Location
- 14334 U.S. Highway 67 Malvern, Arkansas postal address, 72104 United States
- Coordinates: 34°27′18″N 92°43′49″W﻿ / ﻿34.45500°N 92.73028°W

District information
- Grades: PK–12
- Superintendent: Chad Jordan
- Schools: 3
- NCES District ID: 0506630

Students and staff
- Students: 973
- Faculty: 71.86 (on FTE basis)
- Staff: 148.86 (on FTE basis)
- Student–teacher ratio: 15.86
- District mascot: Beaver
- Colors: Red White

Other information
- Website: www.grbeavers.org

= Glen Rose School District =

School district in Arkansas

Glen Rose School District is a public school district based in Glen Rose, Arkansas, United States, with a Malvern postal address.

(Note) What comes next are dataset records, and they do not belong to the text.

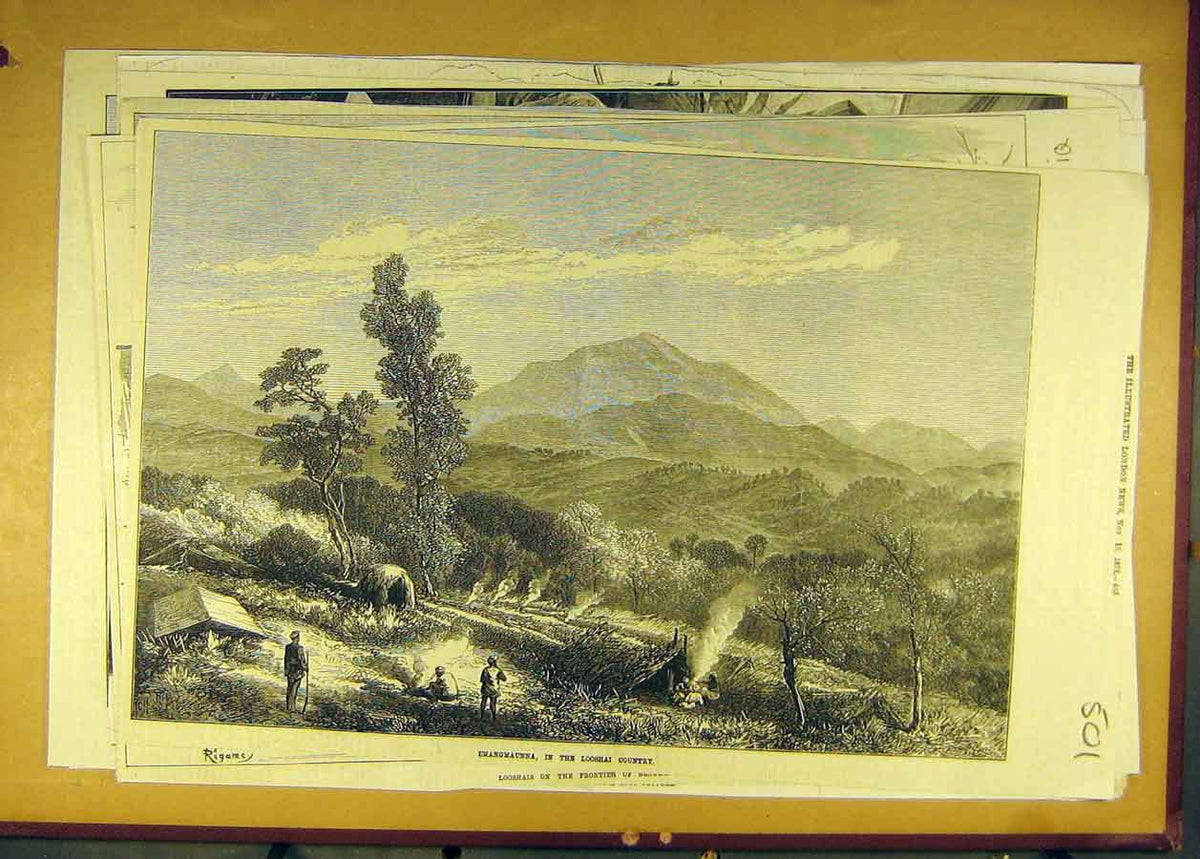 Old Antique Print 1884 Cashmere Sketches Ladak Mosque Maharajah Srinagar 19th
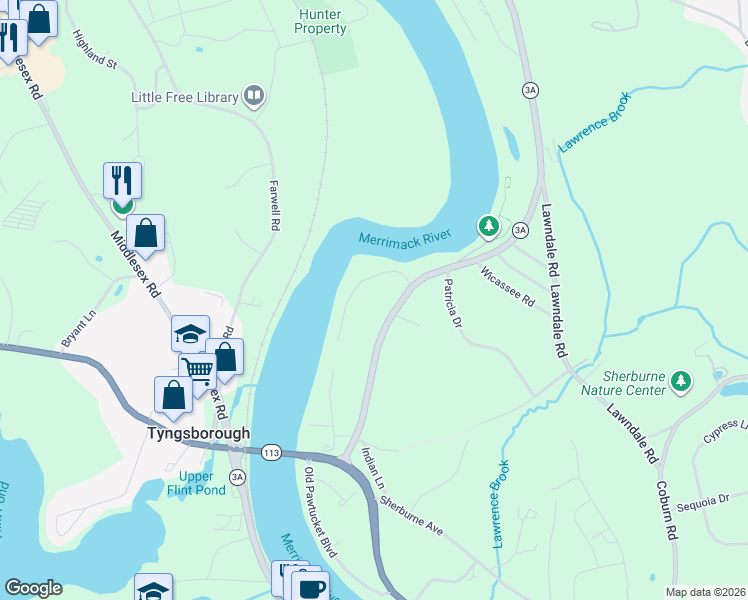 map of restaurants, bars, coffee shops, grocery stores, and more near 50 Frost Road in Tyngsborough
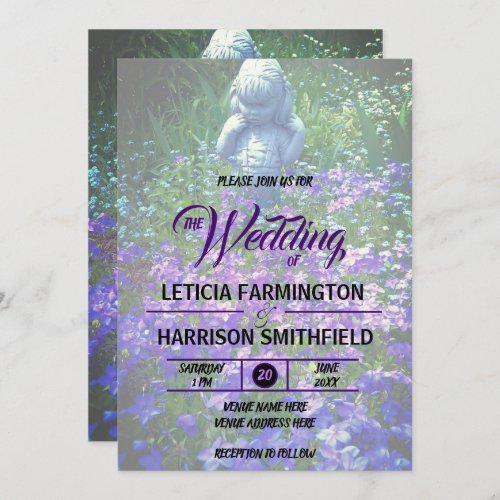 Cute Girl Garden Statue Purple Flowers Wedding Invitation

The school district supports more than 950 students in prekindergarten through grade 12 and employs more than 145 faculty and staff on a full time equivalent basis. The school district encompasses 75.45 mi2 of land, in Saline County and in Hot Spring County. In the former it includes the community of Traskwood.

== Schools ==
Each of the schools are accredited by the Arkansas Department of Education (ADE) and the elementary and high schools are accredited by AdvancED.

- Glen Rose High School, serving more than 300 students in grades 9 through 12.
- Glen Rose Middle School, serving more than 300 students in grades 5 through 8.
- Glen Rose Elementary School, serving more than 350 students in prekindergarten through grade 4.